A Twitter thread on unplanned pregnancies by a mom-of-six is causing quite the debate.
Author Gabrielle Blair of Oakland, Calif., wrote a 63-part Twitter thread last week, pointing out that when it comes to abortions, men have no interest in avoiding it.
“I’m a mother of six, and a Mormon. I have a good understanding of arguments surrounding abortion, religious and otherwise. I’ve been listening to men grandstand about women’s reproductive rights, and I’m convinced men actually have zero interest in stopping abortion,” she wrote on the social media site. “If you want to stop abortion, you need to prevent unwanted pregnancies. And men are 100 per cent responsible for unwanted pregnancies.”
She added while the common narrative around getting pregnant is “it takes two,” she argued it doesn’t always fall on a man.
“All unwanted pregnancies are caused by the irresponsible ejaculations of men. … Let’s start with this: women can only get pregnant about two days each month. And that’s for a limited number of years.”
READ THE FULL THREAD HERE:
That’s about 24 days a year when women can get pregnant. “But men can cause pregnancy 365 days a year. In fact, if you’re a man who ejaculates multiple times a day, you could cause multiple pregnancies daily. In theory a man could cause 1000+ unwanted pregnancies in just one year.”
Dr. Jess O’Reilly, host of the @SexWithDrJess Podcast, told Global News we do hold women to a higher standard when it comes to sex, pregnancy and child-rearing.
“This is evidenced in the fact that women are framed as gatekeepers of sexuality and generally tasked with a disproportionate share of labour related to childrearing — regardless of age and income. There are, of course, exceptions, but overall women are more likely to be judged for their parenting decisions and roles than men.”
But in regards to this thread, she said it’s not just a debate about men and women — it boils down to education.
“I see this as an issue of health, safety and happy relationships. Don’t we all want partners who share in the responsibility of caring for our bodies (and children) regardless of gender?”
The use of birth control
Blair also mentioned birth control, adding women often take the blame if they get pregnant. “Modern birth control is possibly the greatest invention of the last century, and I am very grateful for it. It’s also brutal. The side effects for many women are ridiculously harmful.”
And while male birth control was first introduced years ago (and continues to be studied), some participants of a study reported side effects, eventually killing off the study. “We really don’t mind if women suffer, physically or mentally, as long as it makes things easier for men,” Blair said.
Even with side effects, women still are willing to take the pill, she argued, even though it’s not always accessible. But when it comes birth control for men, or condoms, we’re always reminded that men don’t like to use condoms.
“There are men willing to risk getting a woman pregnant — which means literally risking her life, her health, her social status, her relationships, and her career, so that they can experience a few minutes of slightly more pleasure? Is that for real? Yes. Yes it is.”

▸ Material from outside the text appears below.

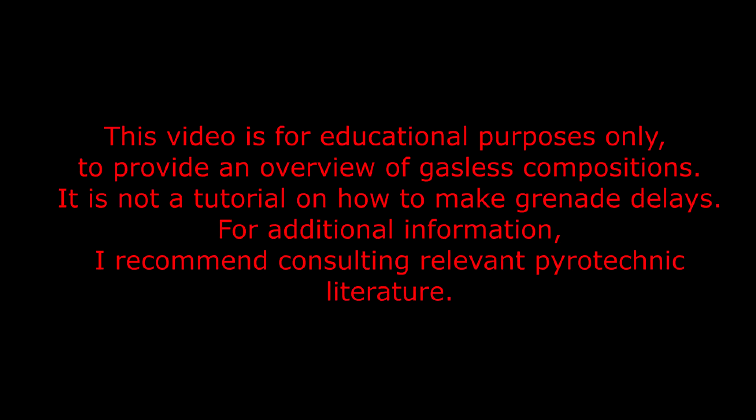This video is for educational purposes only, to provide an overview of gasless compositions. It is not a tutorial on how to make grenade delays. For additional information, I recommend consulting relevant pyrotechnic literature.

O’Reilly added the issue is that sex education programs still highlight women’s purity and men’s self-restraint, reinforcing the notion that men are naturally and understandably sexual while women are “responsible for curtailing and rebuffing male desire.”
“This double standard is harmful to people of all genders and sex therapists will attest to the fact that men too suffer when women are expected to dictate the terms of sexual relationships.”

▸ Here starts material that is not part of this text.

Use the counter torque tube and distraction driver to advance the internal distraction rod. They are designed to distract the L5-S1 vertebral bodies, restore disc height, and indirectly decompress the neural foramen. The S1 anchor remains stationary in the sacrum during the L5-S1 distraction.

And with women often feeling pressure to go on the pill or saying no to condom use, O’Reilly said it’s about figuring out why you want to use a specific type of contraceptive.
“What makes you feel most relaxed so that you can engage in a pleasurable, intimate experiment? Does taking an oral contraceptive put you at ease because it’s reliable or does it lower your libido because of the painful side effects? Do you prefer condoms because they don’t make you feel nauseous or do they detract from pleasure because you tend to worry that they’ll break?” she said. “I think all of these questions apply regardless of gender and I hope that people of all genders have considered them.”

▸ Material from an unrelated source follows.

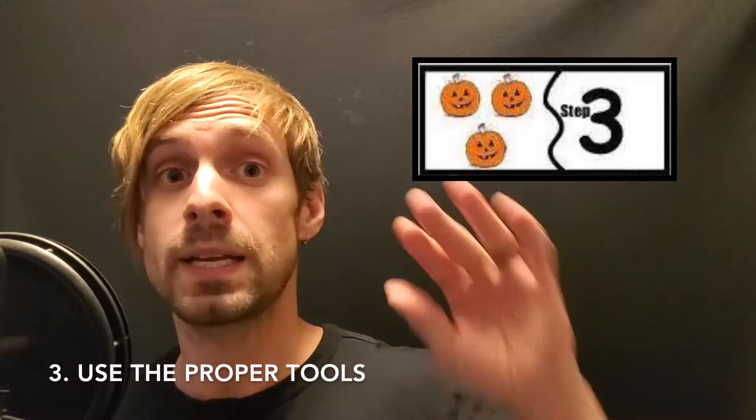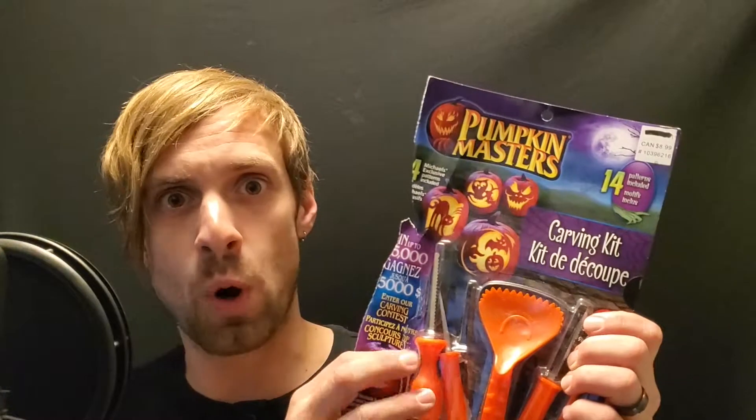A super important part is the tools you use — you need the right ones. First, go to your local Walmart or superstore and pick up a pumpkin carving kit, like this one. And then throw it out, because it's garbage. You don't need sissy tools. You need real ones, like these. Let's go carve a pumpkin.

Adding men to the conversation
O’Reilly said in a heterosexual context, men can take responsibility by purchasing, carrying and using contraception. “It’s that simple,” she continued. “They don’t need to help; they need to share the responsibility. Even if your partner opts to take the pill or use a ring, can you assist by picking it up or would they appreciate a reminder of daily or weekly tasks related to using this form of contraception?”
Blair also used the phrase “irresponsible ejaculations” a few times in her thread, adding that men cause unwanted pregnancies and abortions. But O’Reilly doesn’t fully see it this way.
“I can’t say I love the word ‘irresponsible,’ but I appreciate the hyperbole that illustrates the fact that men are not held to the same standard as women when it comes to preventing pregnancy,” she said.
“This phrase highlights the absurdity of the double standard that exists. Women dealing with unplanned pregnancies are often framed as irresponsible. You’ve heard people say, ‘If you don’t want to have a kid, don’t have sex.’ But it takes two to tango and two to get pregnant.”